The answer is unclear, but the indicators point to a close race.
Not Everyone is Like You
Even if understanding the average Nigerian cannot help us predict the results of the upcoming elections, it is useful in other areas. For one thing, it could help us overcome a false consensus bias, the tendency to believe that most people are like us, discouraging us from considering viewpoints and experiences outside ours.
For example, while the average Lagosian is employed in wholesale and retail trade, most Nigerians work in agriculture. And although most people in Lagos get news on social media, the average Nigerian does not use the internet at all. Therefore, we need to remember that the person we are talking to on social media is not the average Nigerian. Food price support and agricultural policy may be niche topics online, but they matter to a large portion of the population.
Leaders who look like us
Understanding the average Nigerian also helps us to gauge representation in government. For example, the Not too Young to Run movement argues that the country's current political landscape should reflect our demographic reality. Young people make up more than half the population but until recently, could not run for most executive and parliamentary positions.
Now that age limits have been lowered; we could start seeing younger officeholders. But change may not be as drastic as one would expect; even among young people, most Nigerians would prefer a middle-aged president.
Representation gaps are just as severe when it comes to gender. Although 49% of Nigerians are female, women are still severely underrepresented in politics and senior bureaucratic positions.
This could be due to a divergence in beliefs: Nigerian men are more likely to believe that political leaders should be male, while most women believe in equal opportunities for women in politics. Since the gatekeepers of Nigerian politics have historically been male, then the former’s belief appears to have held sway.
Beyond the Average
Nonetheless, any notion of the average Nigerian has severe limitations. Firstly, gaps in political representation highlight an essential reason for policymaking to go beyond the majority. A government that caters to the needs of the average citizen is only doing the bare minimum; good leaders should aim to make life better for all Nigerians.

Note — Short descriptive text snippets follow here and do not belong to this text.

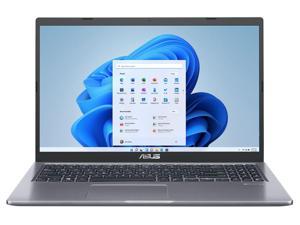 ASUS VivoBook X515 156 Laptop  Slate Grey Intel Core i51135G7512GB SSD8GB RAMWindows 11 X515EABB53CB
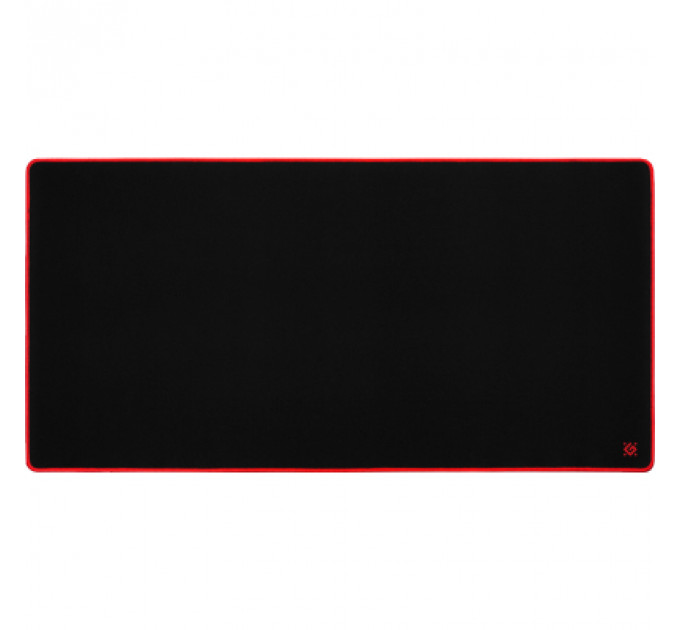 Килимок для мишки Defender Ultra XXL Black (50564)
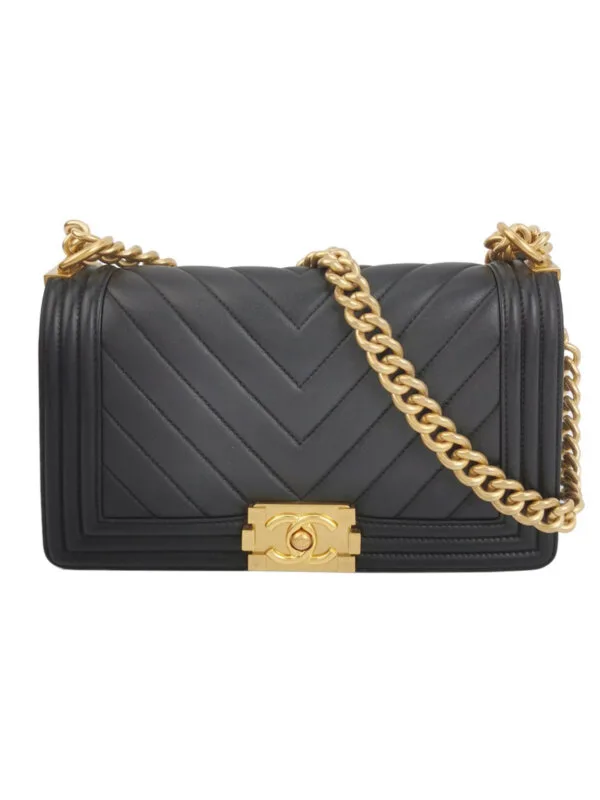 Chanel Leboy VC — продано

Last month, the Discrimination against Persons with Disabilities (Prohibition) Act was finally signed into law after languishing in the National Assembly for 18 years. Perhaps the lack of urgency was because only about 2.32% of Nigerians live with disabilities. Yet, ignoring their concerns would be doing the country a disservice. If we only focus on issues that the average Nigerian cares about, we are never going to build an inclusive nation.
Moreover, the idea of the average Nigerian becomes problematic in the face of our diversity. With two major religions and so many ethnic groups, outright majorities tend to be very slim. And even when there is an overwhelming majority, in a country where over 20% of its citizens identify more strongly with their ethnic groups than their national identity, ignoring ethnic histories and power dynamics in favour of some “average” is unwise.
The failure of the “Wazobia” project to create a new language from Yoruba, Hausa and Igbo is a relatively benign example of how difficult it is to average ethnic preferences. In most cases, the consequences have been far more disastrous. From the Kaduna Shari'a riots in the early 2000s to the recurring violence in Jos, Nigerians often push back when another group threatens their religious and ethnic identities. And although most Nigerians alive today did not experience the Biafra war, its impact resonates to this day.
Age, occupation, economic concerns, and even beliefs about gender may change over time, but, in Nigeria, ethnic identities endure, and there is no easy way to average that.